Threshold operators are conventionally used in wavelet-based denoising applications. Different thresholding schemes have been suggested to achieve improved balance between mitigating various signal distortions and preserving signal details. In general, these state-of-the-art threshold operators are nonlinear shrinkage functions such as well known "soft" and "hard" thresholds and their hybrids. Recently a nonlinear polynomial threshold has been introduced which integrates several known approaches and can be optimized using a least squares technique. While significantly improving the performance - this approach is computationally intensive and is not flexible enough for band-adaptive processing. In this paper an adaptive least mean squared (LMS) optimization approach is proposed and studied which drastically reduces computational load and is convenient for band-adaptive denoising scenarios. The approach is successfully applied to 1D and 2D signals, and the results demonstrate improved performance in comparison with the conventional methods.

Paper Details

Date Published: 27 May 2011
PDF: 10 pages
Proc.

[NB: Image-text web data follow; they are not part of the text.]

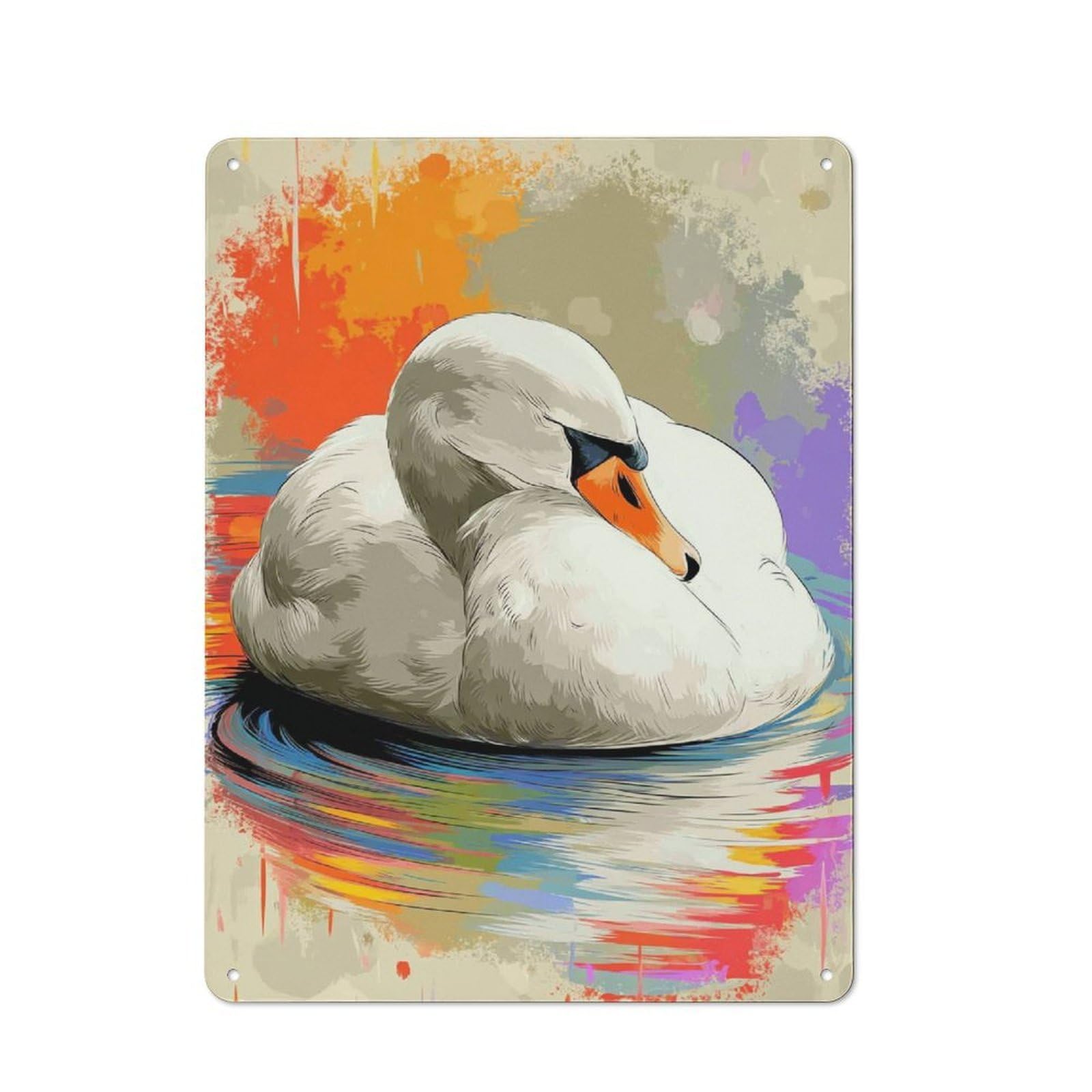 Junmoney Swan Serenity Abstract Art Vintage Metal Wall Sign 40X30cm For Café Or Restaurant, For Metal Sign Collectors, For Garage And Workshop Walls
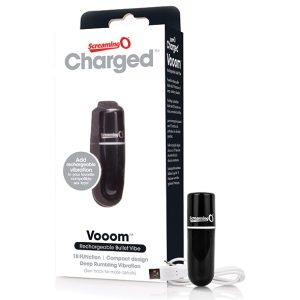 The Screaming O Charged Vooom Mini Vibrator Zwart - womentoys.nl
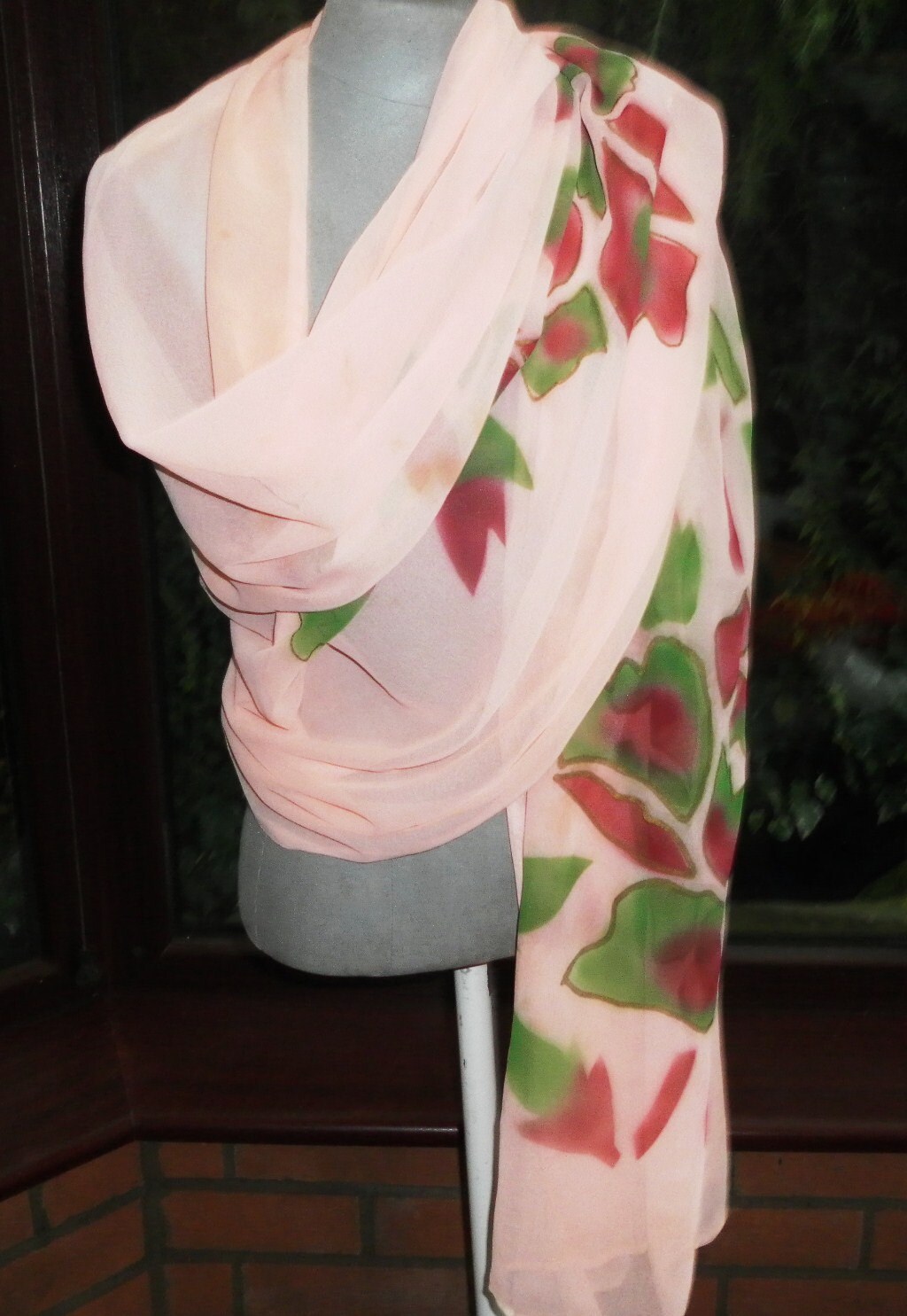 Image of Artist Handpainted Lovely Large Lightweight Sequined Chiffon Beach Wrap Shawl Or Scarf Great For Holidays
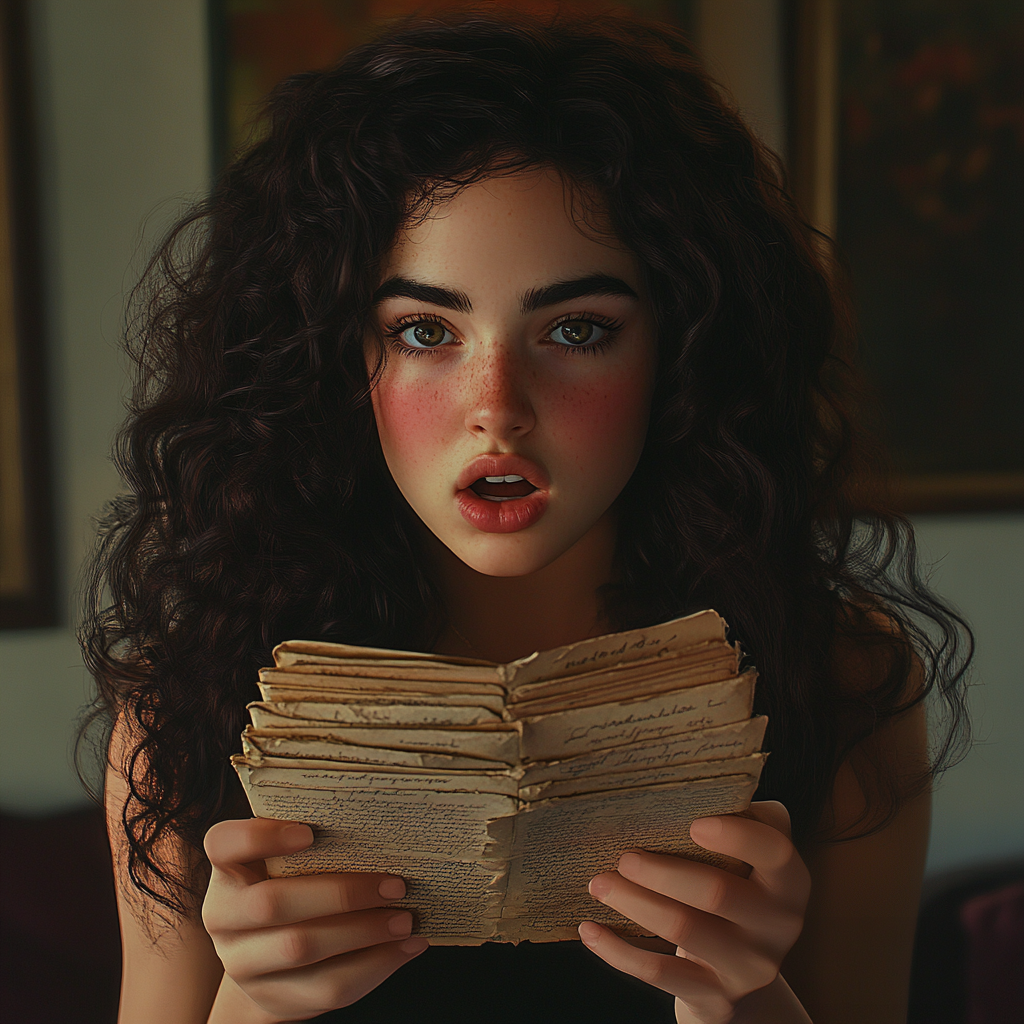 A stunned woman holding a stack of old letters | Source: Midjourney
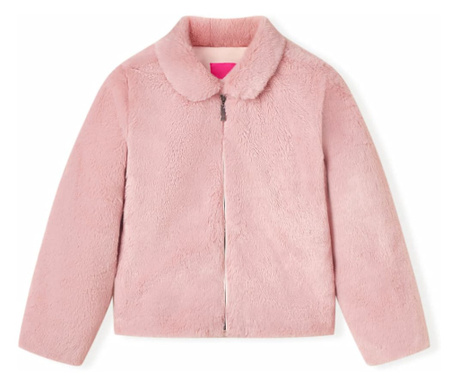 Palton pentru copii din blană artificială, roz, 140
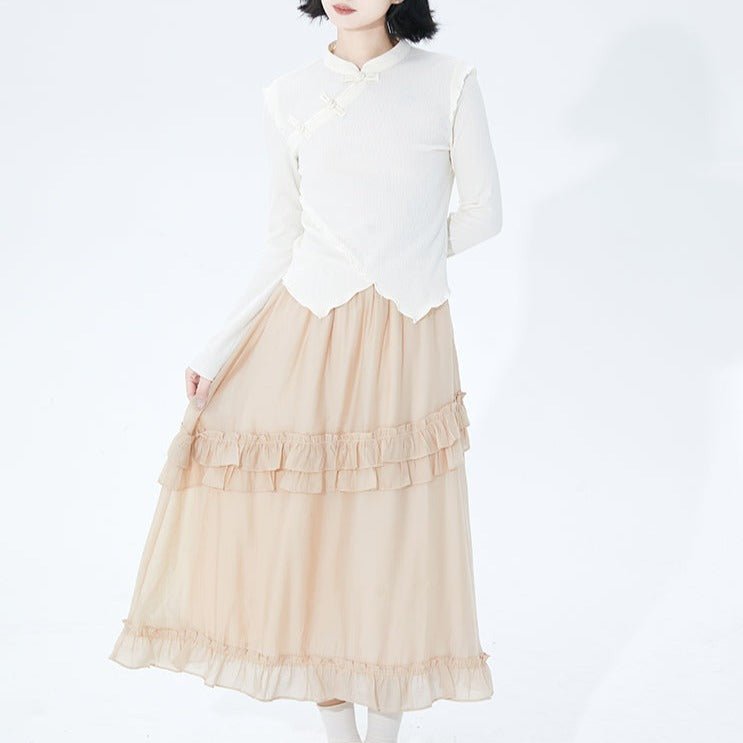 apricot double-layered ruffle skirt – remulia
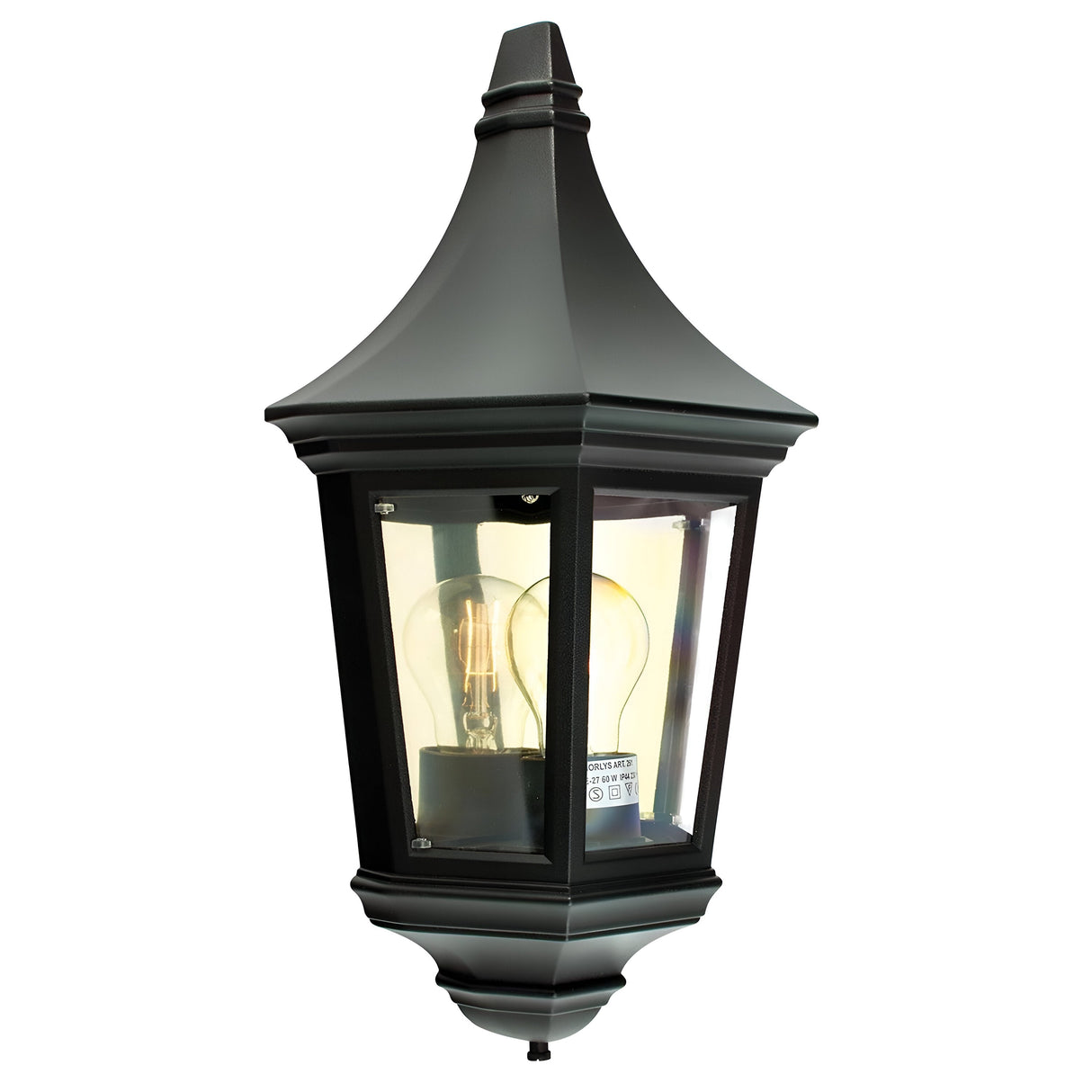 Valencia 1 Light Half Lantern - Black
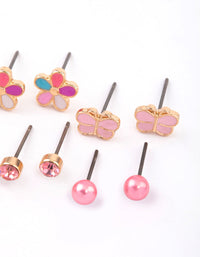 Kids Pink Watermelon & Flower Stud Earrings 6-Pack - link has visual effect only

SPIE 8063, Mobile Multimedia/Image Processing, Security, and Applications 2011, 806308 (27 May 2011); doi: 10.1117/12.881297
Show Author Affiliations
Sushanth Sathyanarayana, The Univ. of Texas at San Antonio (United States)
David Akopian, The Univ. of Texas at San Antonio (United States)
Sos S. Agaian, The Univ. of Texas at San Antonio (United States)


Published in SPIE Proceedings Vol. 8063:
Mobile Multimedia/Image Processing, Security, and Applications 2011
Sos S. Agaian; Sabah A. Jassim; Yingzi Du, Editor(s)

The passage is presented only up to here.